Un dettaglio cruciale anche per il supplemento di indagine chiesto al medico legale Luca Tajana e all’ematologo Franco Piovella.
Si tratta di un particolare che potrebbe spiegare come mai i sintomi della giovane non abbiano fatto scattare l’allarme che – secondo quanto scoperto dalla trasmissione Report – era già stato diffuso da diversi enti di controllo medico proprio sui sintomi che presentava la ragazza al suo arrivo in ospedale.
Secondo i genitori il particolare era stato più volte sottolineato ma nella cartella clinica non vi sarebbe traccia del nome del vaccino che poco dopo l’episodio è stato fortemente sconsigliato per la somministrazione nelle giovani donne.
Camilla Canepa era stata vaccinata il 25 maggio e il 3 giugno era stata ricoverata all’ospedale di Lavagna per una forte emicrania associata alla fotosensibilità (forte fastidio alla luce). All’ospedale non sarebbe stato eseguito lo screening che, secondo la trasmissione Rai, Report, era già stato comunicato ai medici.
La ragazza era stata sottoposta ad una tac senza contrasto che non avrebbe evidenziato alcun problema ma gli esami ematologici avrebbero invece rivelato uno degli “indicatori” di rischio grave come la forte riduzione delle piastrine.
Pochi giorni dopo era stata nuovamente ricoverata con un quadro clinico ormai compromesso da una trombosi al seno cavernoso e che l’ha portata al decesso il 10 giugno.
Secondo le indiscrezioni di stampa, nel secondo ricovero, l’indicazione del farmaco Astrazeneca era stata invece inserita nel fascicolo della cartella clinica.
Ora gli inquirenti cercano di capire se nel primo ricovero i medici sapessero o meno del tipo di vaccinazione fatta da Camilla e come mai, nel caso, non siano scattate le linee guida per diagnosticare la sindrome da vaccino (Vitt) con le contromisure – come un esame Tac con liquido di contrasto che avrebbero potuto salvarle la vita.

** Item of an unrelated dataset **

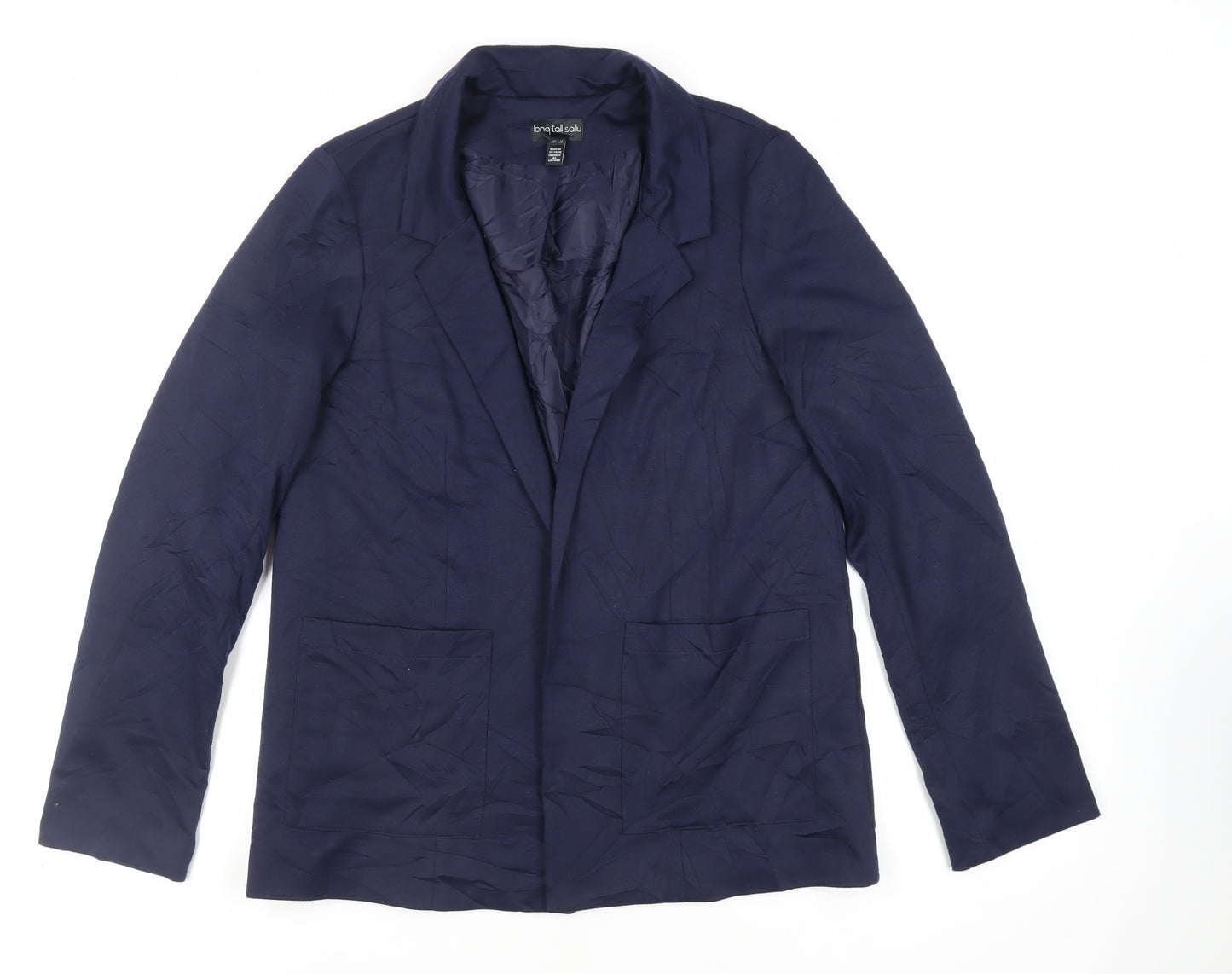 Long Tall Sally Womens Blue Jacket Blazer Size 14 - Open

Il reato di omissione di atti di ufficio, a differenza dei reati di omicidio e lesioni colpose ad eccezione della colpa grave, non è coperto dallo scudo penale per i sanitari previsto dal decreto legge n.44 convertito in legge 28 maggio 2021 n.76.
Inoltre, come emerge da un commento del dott. Paolo Piras (Sostituto Procuratore presso la Procura della Repubblica di Sassari) sulla rivista giuridica online “Sistema Penale”, sono esclusi dall’ambito di operatività dello scudo penale previsto dall’art. 3 del D.L. n. 44/2021 “i rischi da somministrazione scorretta, ad es., non preceduta da un’accurata raccolta anamnestica, che avrebbe rivelato controindicazione. O somministrazione seguita da consigli scorretti, ad es., per contrastare l’elevata febbre post vaccino si consiglia di superare il dosaggio di un grammo di Tachipirina anche in un’unica soluzione, con successivi danni epatotossici. O si prescrive a paziente ulceroso un farmaco antinfiammatorio non steroideo per mitigare i dolori muscolari post vaccino, senza associazione di farmaco inibitore di pompa protonica, con successiva emorragia gastrica”.